My friends say I just need time off… I need a break. I don’t think I need much of a break. Maybe a month or two. But that’s not going to solve my mess. Getting the anxiety under control would help, but is that even possible. Yea, mindfulness and benzodiazepines may be useful in extremely-trying moments, but in general my problem is clearly a personality disorder, not a mental illness (at least not entirely.)
So, wtf do I do? I don’t know. Hire a career counselor? How can a career counselor help me when I can’t hold down a job? Psychiatrist? Sure, seeing one next week. Going to try out antidepressants maybe, or whatever he wants to put me on. Maybe I’ll learn how to live without emotions and that will get me through the day.

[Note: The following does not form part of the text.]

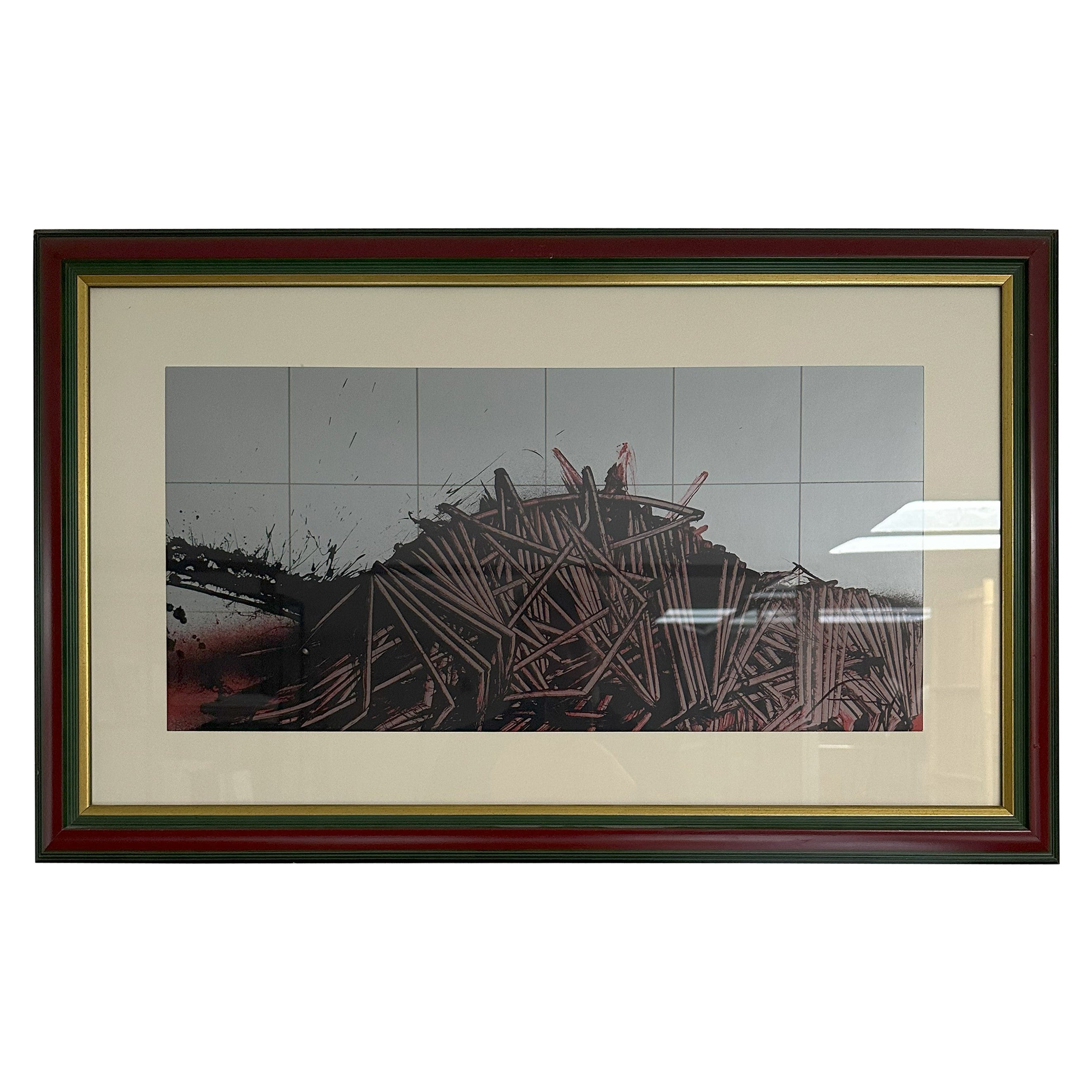 Moderne der Mitte des Jahrhunderts, Lithographie n.15/20 von Emilio Scanavino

…I always wonder what I’d be today if my parents hadn’t given me the idea that the only work of value is that which can be bragged about. I know it’s ridiculous yet I still want to be larger than life, I still want to be a – somebody. I know I’m not… I’m just a person like all the other people on this earth. I don’t have any brilliant creative talent to share, I won’t have artwork hung in a museum or in memorandum seconds dedicated to a few momentous performances during a future awards show. I won’t be a novelist or a comedian with her own self-deprecating television series or successful YouTube channel-come-movie-deal. But nothing I do feels fulfilling unless it’s rewarding in a highly unnatural way through massive recognition of doing something incredible, not just good enough.
Yet, I know rationally that it’s a billion “good enoughs” that make anyone great who ever was great. This isn’t to say that a billion “good enoughs” amounts to that sort of payout for everyone, but for some, it does. And, life isn’t about being great – life is about living. The great, the good, and the horrible all end up in the same place anyway.
So if the purpose of life is living, I am trying to figure out what living means to me, and build a career around this. While it does mean being able to put food on the table and a decent apartment roof over my head, it certainly doesn’t mean spending 70% of daylight hours in the year in an office feeling miserable. I have to figure out what living means and how to afford to do it, and then go from there. At least that’s a start.